April 22, 2022 | 20 Years of Whetstone | Jamey Whetstone

20 Years of Whetstone | Chapter 3

Mentors throughout the years...

Larry Turley

I knew I wanted to quit my restaurant job the day I got to go spend a few hours with Larry, Ehren Jordan, Bob Nicolayson, and Thomas Brown up at a spot called the Whitney Tennessee Vineyard. Bright, cool, windy day of pruning vines with the Turley crew in February 1998. Larry had his candy apple red Suburban backed up against the vineyard, cooler on the tailgate provisioned with pork chops, veggies and couple bottles of Alain Graillot Crozes Hermitage.

They gave me a pair of old pruning shears, a handful of vines-worth of how to prune, & sage advice telling me not to “ruin the vintage ahead.” An old oil barrel had been sliced in half, one end cut out, a flat top welded on top, bicycle handles at one end to help steer, an old bicycle tire attached to an original fork for rolling. We’d fill the open end with the cuttings, a sprinkle of diesel and lite that puppy. Half hour later Larry is cooking chops and veggies on the flat top. Solo cups filled with Rhone Syrah, sitting in folding chairs enjoying a meal with new friends in a box canyon accented by a vineyard of old vine zinfandel in the northern end of Napa Valley. Are you fucking kidding me?!?! I gave my notice that summer and never looked back.

Larry, having a long career as a successful ER Doc, founded and sold his interest in Frog’s Leap Winery, and created one of the first world-renowned “cult wineries” Turley Wine Cellars….was also there to look at my business plans and give hard-earned advice as to what was silly and/or sound. Larry taught me fiscal responsibility when I had none. He also taught me to be good for my word no matter what. I have been through some extraordinarily lean years of my own making and he was always there to encourage/help me along within reason. I honestly don’t know how things would’ve turned out for the Napa Whetstones sans Larry.


Ehren Jordan

Ehren was my boss at Turley Wine Cellars for the 7 vintages I worked there; A true vigneron and wildly rare in California. A vigneron directs all things vineyard and winemaking.

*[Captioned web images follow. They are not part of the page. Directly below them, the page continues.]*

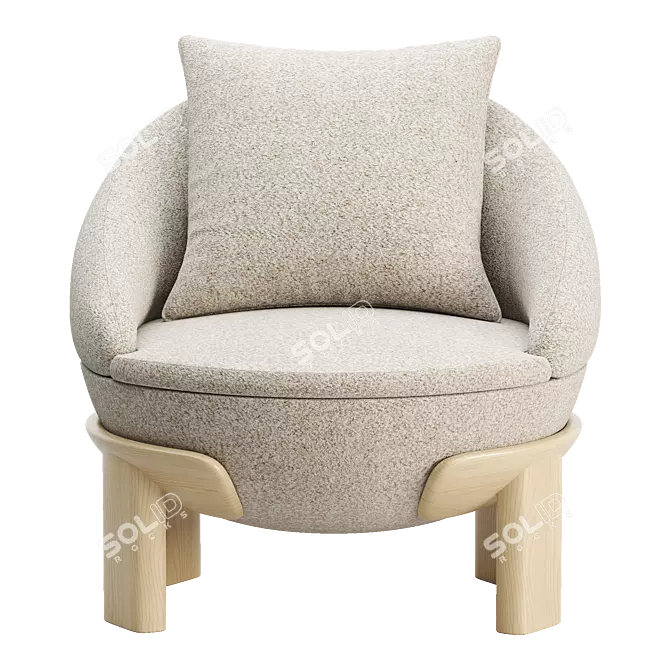 Elegant Tambour Armchair Design 3D model image 3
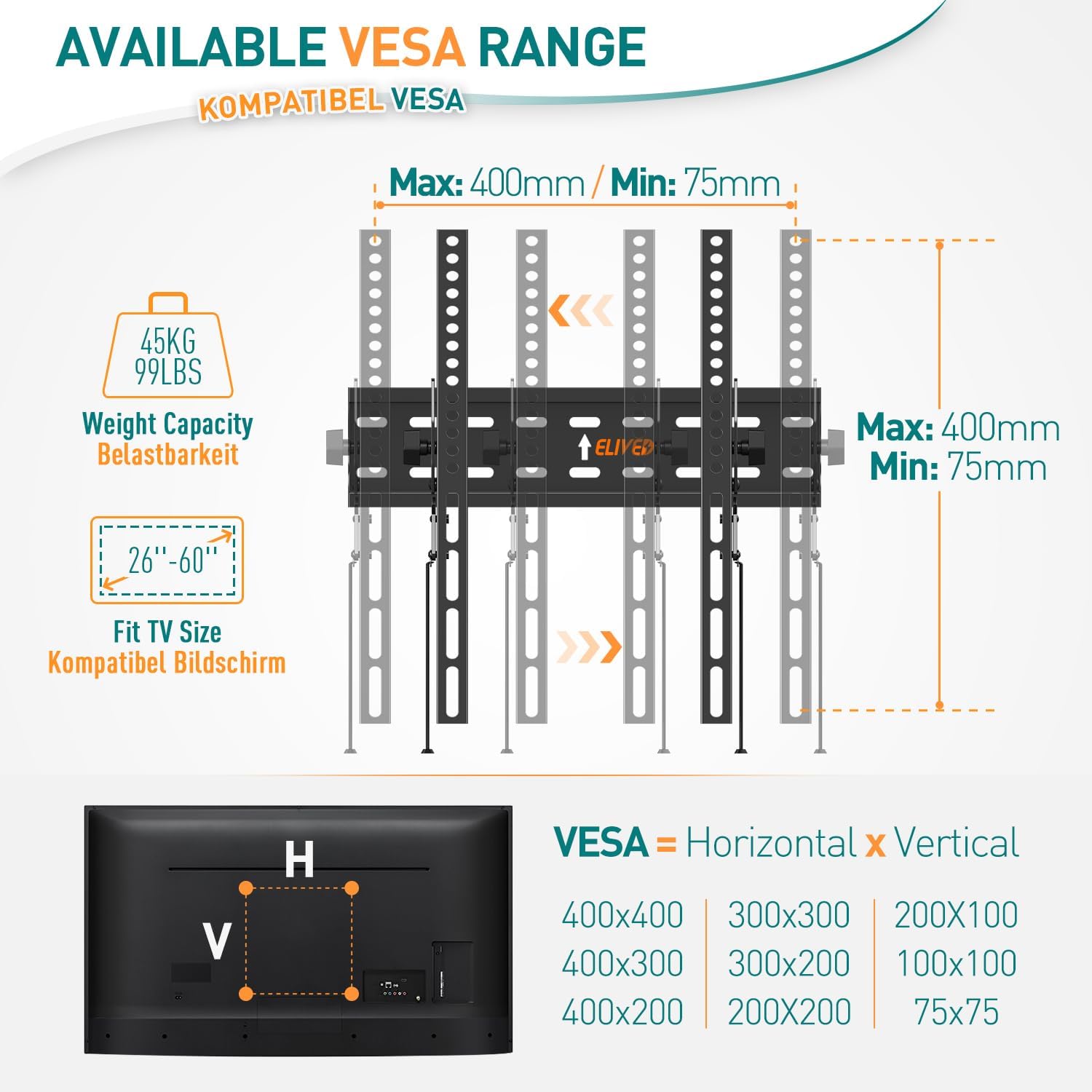 ELIVED Tilt TV Wall Bracket, Ultra Slim TV Mount for Most of 26 - 60 inch Flat or Curved LCD, LED, OLED TVs with VESA 75x75mm - 400x400mm up to 45KG, Tool - free Adjustable Tilting TV Bracket EV007   Import  Single ASIN  Import  Multiple ASIN ×Product - Amazing Gadgets Outlet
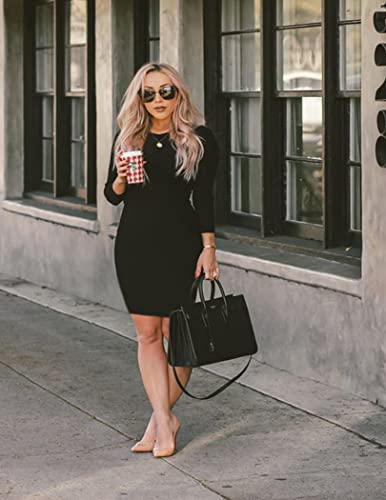 Image of Beyove Women's Colorblock Striped Long Sleeve Cotton Knit Sweater Bodycon Dress XS-XXL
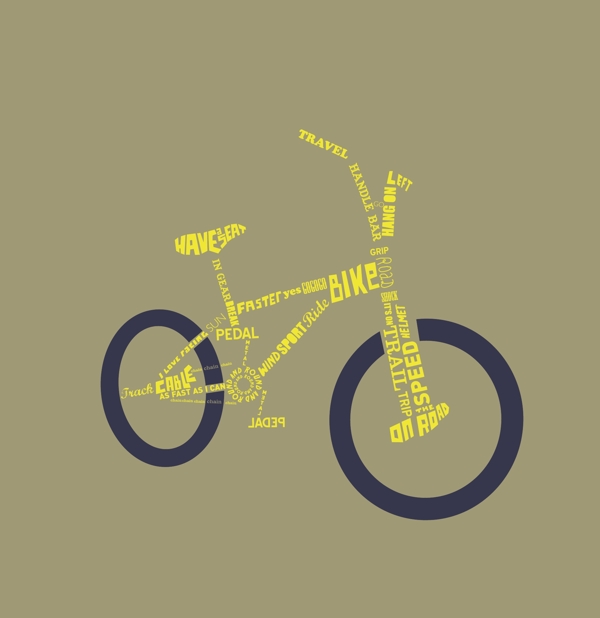 字母组成的自行车图案图片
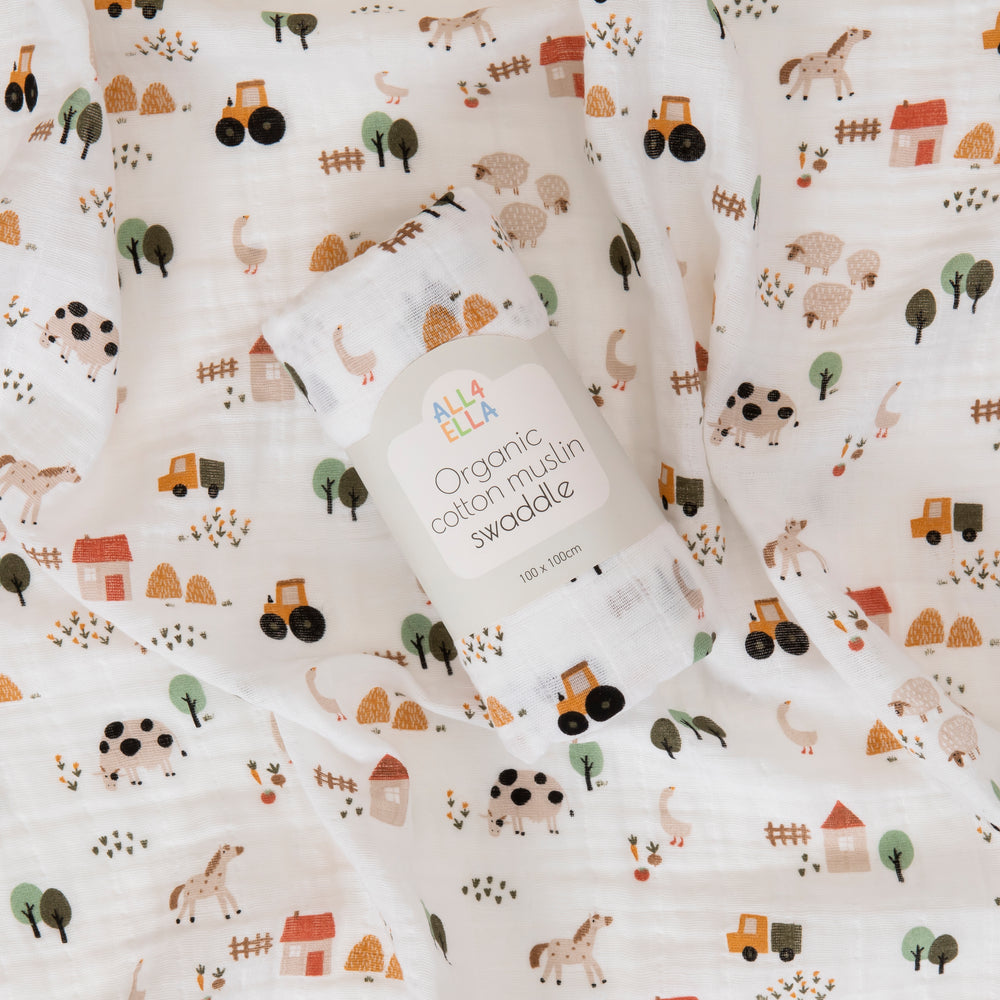 Organic Muslin Swaddle & 2 Pram Pegs- Country Farm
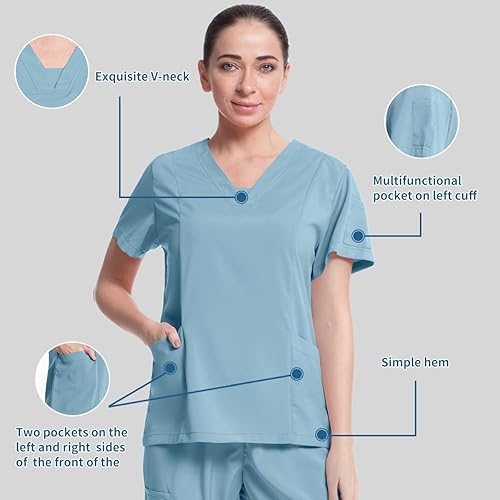 Miniatura 4 de niaahinn Scrubs Medical Uniforme - Conjunto de ropa quirúrgica para mujer con cuello en V y pantalón deportivo cónico tipo cargo
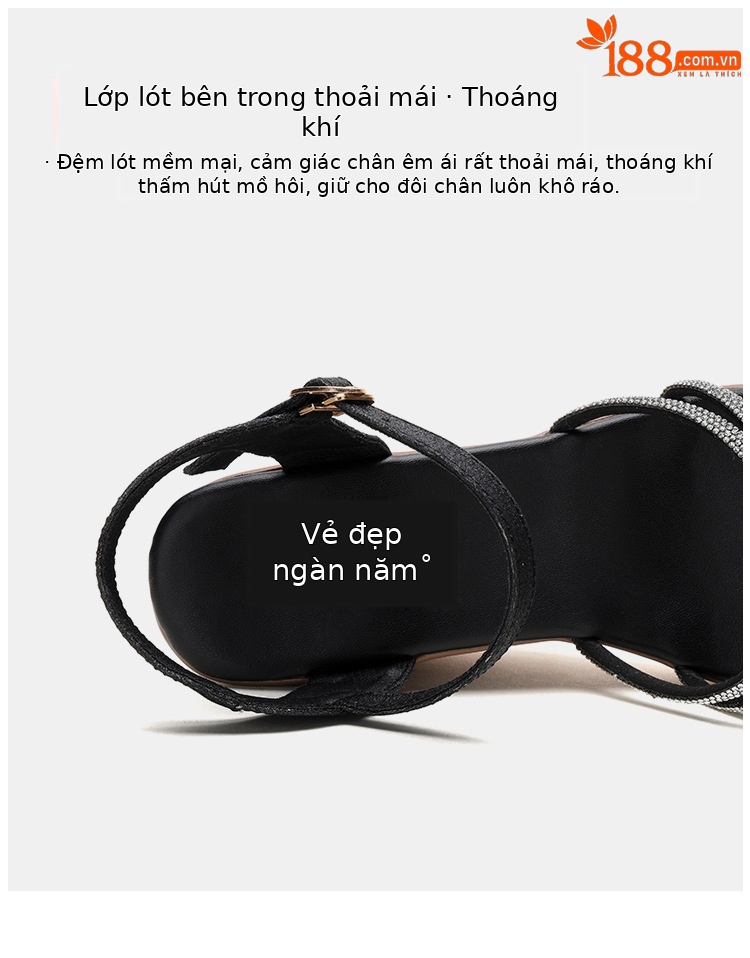Dép sandal nữ xỏ ngón đế dày gót vừa đính đá lỗ rỗng mùa hè 2025 — Màu đen, Màu vàng, Màu bạc chi tiết 8
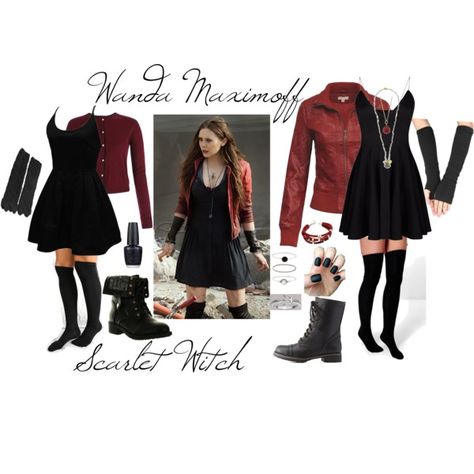 Scarlet Witch Casual Outfit, Aou Wanda Outfit, Disneybound Scarlet Witch, Marvel Character Outfits, Simple Marvel Costumes, Wanda Disneybound, Huffle Puff Outfits, Scarlett Witch Outfit, Casual Cosplay Disney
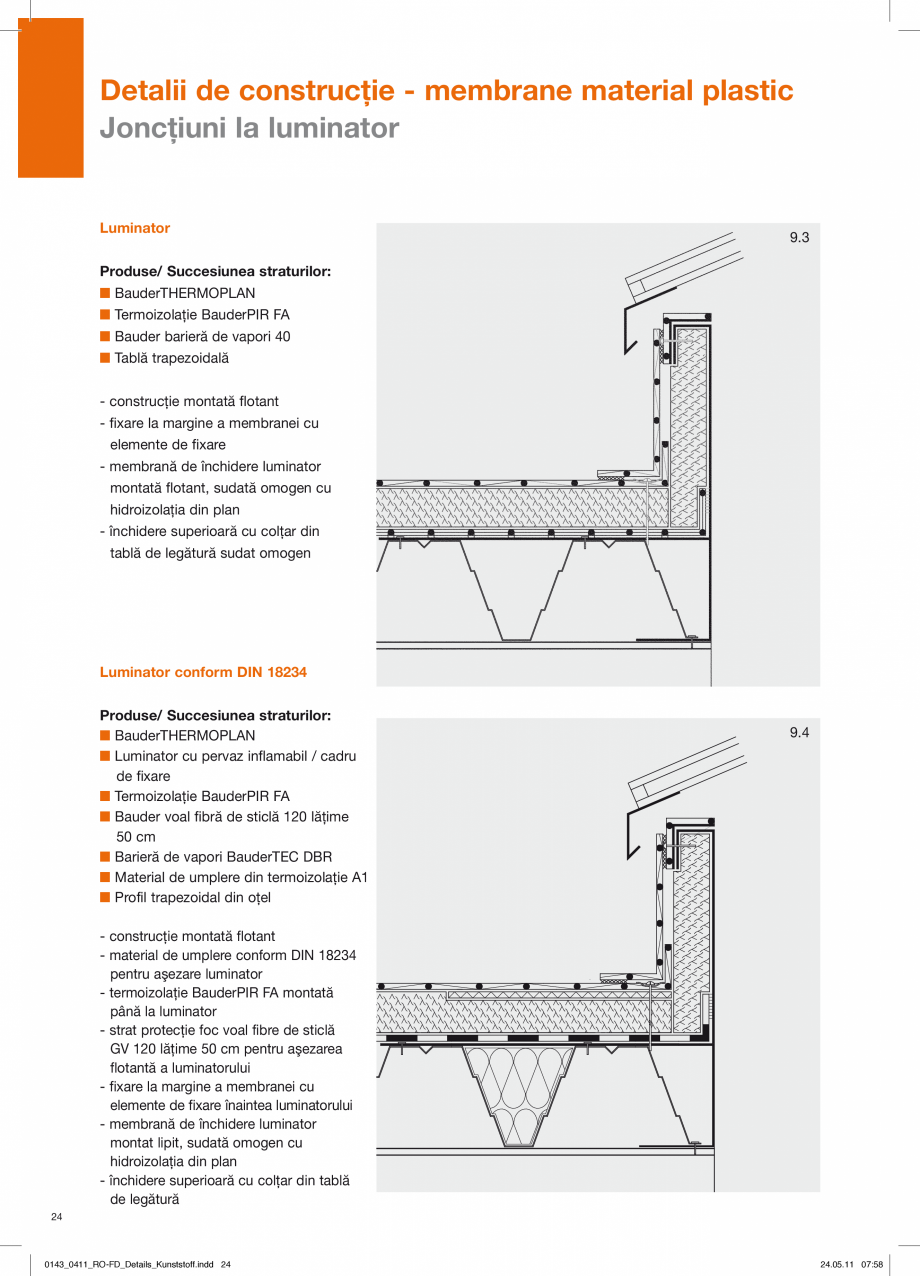 Pagina 24 - CAD-PDF Detalii de constructie-mebrane din material plastic BAUDER Detaliu de montaj 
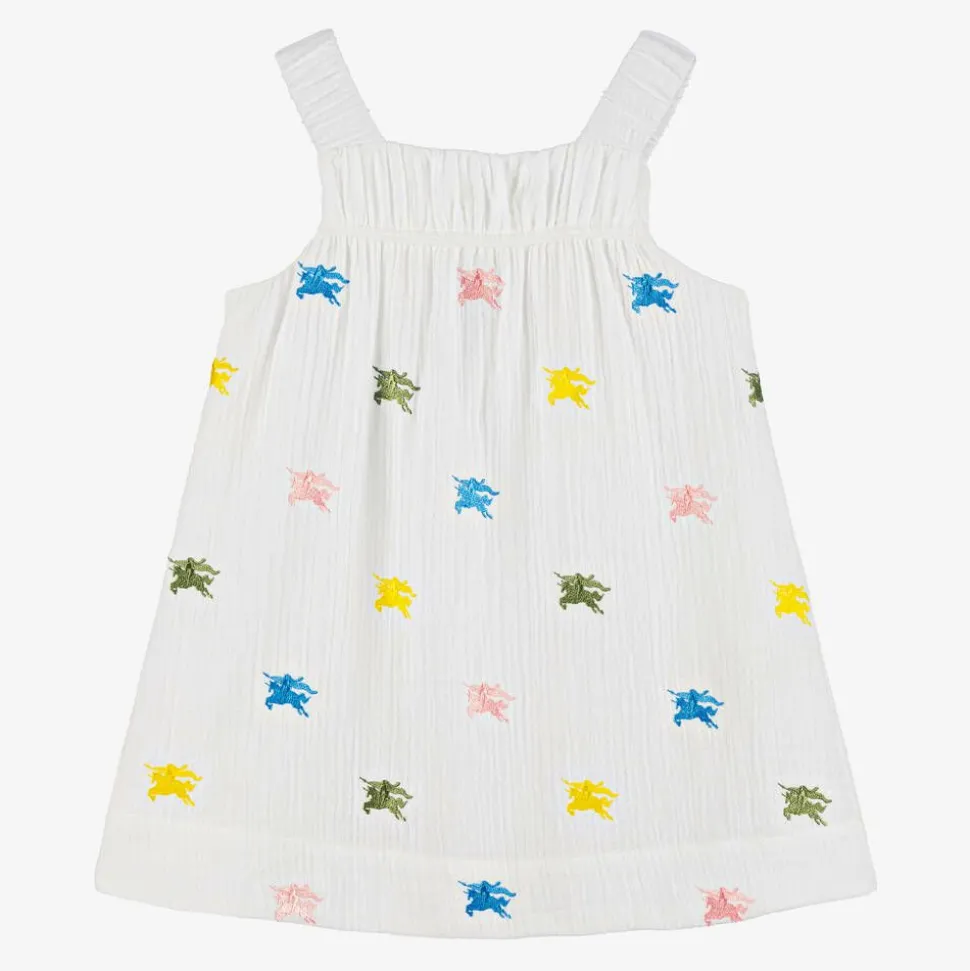 Baby Girls Ivory Cotton EKD Logo Dress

He/she can diagram the vineyard layout, dial in a spray rig, adjust the spader depth, lead a pruning seminar on all things spur, cordon, or guyot, set up vineyard irrigation complete with fertigator, direct a vineyard crew from bud break to harvest, oversee all nuances of winemaking from when the grapes hit the barn, to fermentation temps, to pressing, to barrel down, to lees aging and all the specific oak influences in precise percentages, bottling predilections…all the while dictating pace of sales both wholesale and DTC.

I always thought Ehren should’ve been CEO of IBM, etc. An art history major, he just had a knack of knowing the right thing to do for any occasion involving the business of wine, vineyard or dinner parties. I was his assistant winemaker for Turley and a few years for Failla, his own winery. Ehren and I raised our first children a block away from each other, used the same contractor to remodel our first homes, got our pilots licenses in similar time frames, traveled to France & Steeler playoff games at Hines Fiend together, and drank a boat load of Kermit Lynch imports after long days on the crush pad.

The only person who pushed me more throughout my life was my high school football coach. But no matter the workday (realizing I absolutely earned his ire on most occasions), we’d retire down the ship’s ladder into his home subterranean cellar and choose a bottle of 20 year old Chave Hermitage Blanc and, maybe, a magnum of Thierry Allemand Cornas for dinner. His collection was ridiculous and Ehren was overflowing with generosity when you’d earned it.

I was fortunate enough to have worked with him developing his estate property out on the edge of civilization atop the Mohrhardt Ridge in Western Sonoma County. No electricity, a phone line, water from a “creek” we ran a 2 horse pump out of that ended up some hundreds of feet uphill by solar power into two 500 gallon tanks that funded the vineyard irrigation; Awesomely nuts and challenging and life affirming. My wife will tell you I am not a very reliable handyman so Ehren had his work cut out with me. I’d spend half dozen weeks out there most summers doing vineyard work, driving a tractor, killing rattlesnakes, running from wild boar, cooking meals by gaslight and fireside, sleeping like the dead. I owe EJ so much.